WHAT YOU NEED TO DO. The answer must consist only of the lines from the line with "5ct-7ct Cubic Zirconia" to the line with "Capannone in vendita", both included, exactly as they stand below.

GIVEN DATA.
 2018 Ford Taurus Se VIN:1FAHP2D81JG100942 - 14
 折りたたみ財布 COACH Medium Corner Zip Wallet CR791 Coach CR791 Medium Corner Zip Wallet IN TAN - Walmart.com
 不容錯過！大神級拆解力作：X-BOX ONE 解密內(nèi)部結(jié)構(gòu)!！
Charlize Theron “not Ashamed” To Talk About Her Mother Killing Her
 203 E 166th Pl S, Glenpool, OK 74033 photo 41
* * *
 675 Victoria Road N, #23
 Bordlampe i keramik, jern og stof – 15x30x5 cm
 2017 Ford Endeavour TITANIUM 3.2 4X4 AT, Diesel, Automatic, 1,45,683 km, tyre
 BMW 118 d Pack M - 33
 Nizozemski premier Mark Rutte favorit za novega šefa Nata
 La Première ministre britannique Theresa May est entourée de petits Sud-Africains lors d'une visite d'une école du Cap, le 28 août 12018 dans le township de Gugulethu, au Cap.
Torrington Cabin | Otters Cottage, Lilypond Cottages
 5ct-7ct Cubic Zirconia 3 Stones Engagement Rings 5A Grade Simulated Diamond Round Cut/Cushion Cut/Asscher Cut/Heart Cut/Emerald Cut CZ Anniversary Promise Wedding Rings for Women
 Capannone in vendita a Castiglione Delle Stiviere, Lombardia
==
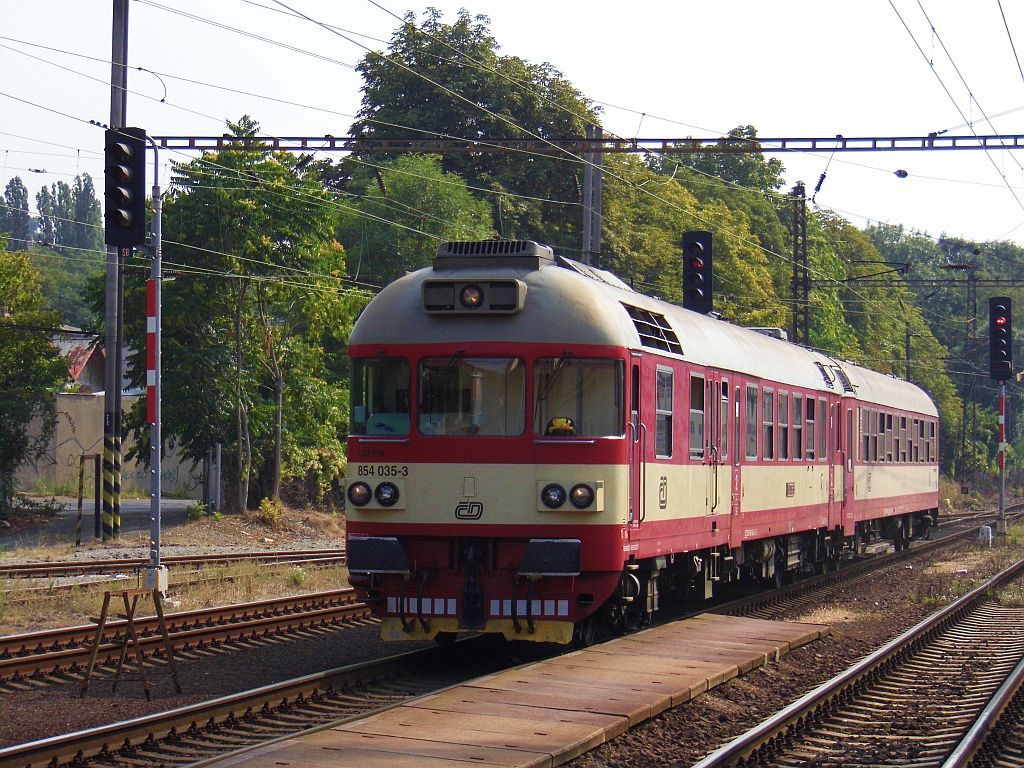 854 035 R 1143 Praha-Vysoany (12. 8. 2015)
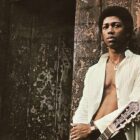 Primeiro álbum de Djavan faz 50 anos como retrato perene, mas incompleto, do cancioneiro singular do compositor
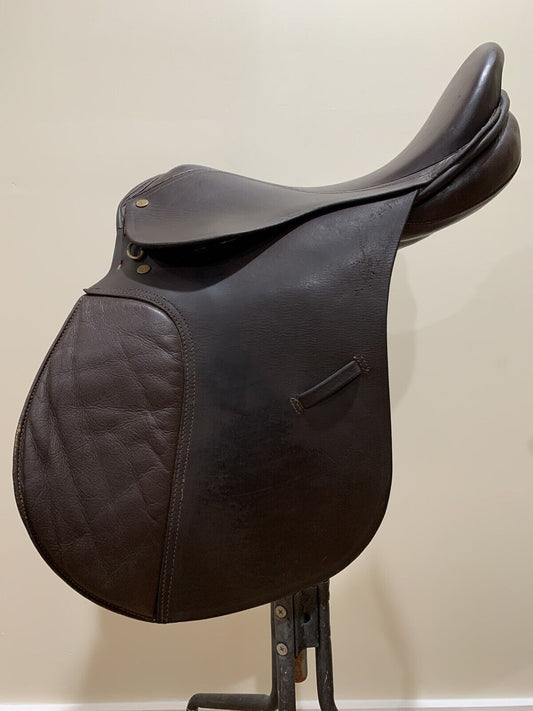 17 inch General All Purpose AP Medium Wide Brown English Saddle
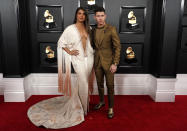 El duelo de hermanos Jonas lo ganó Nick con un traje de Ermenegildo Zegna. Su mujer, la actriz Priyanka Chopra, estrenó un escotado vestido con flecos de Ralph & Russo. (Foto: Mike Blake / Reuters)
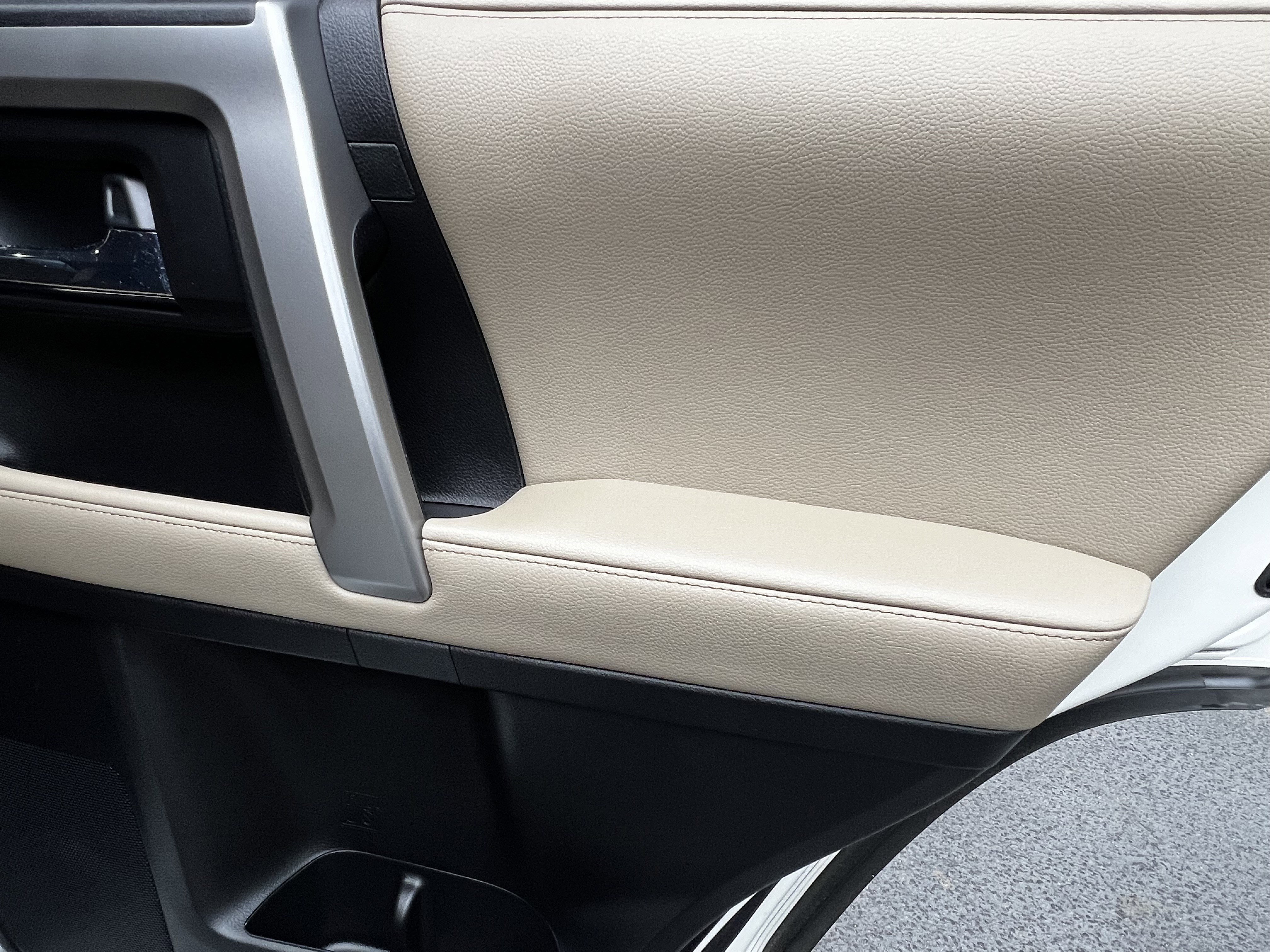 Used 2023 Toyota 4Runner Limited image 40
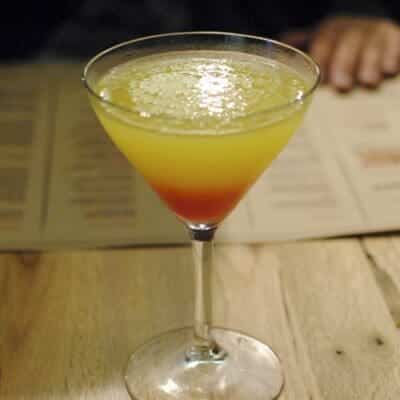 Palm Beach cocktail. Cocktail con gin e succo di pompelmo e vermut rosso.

ANSWER TO THIS PROBLEM.
 5ct-7ct Cubic Zirconia 3 Stones Engagement Rings 5A Grade Simulated Diamond Round Cut/Cushion Cut/Asscher Cut/Heart Cut/Emerald Cut CZ Anniversary Promise Wedding Rings for Women
 Capannone in vendita a Castiglione Delle Stiviere, Lombardia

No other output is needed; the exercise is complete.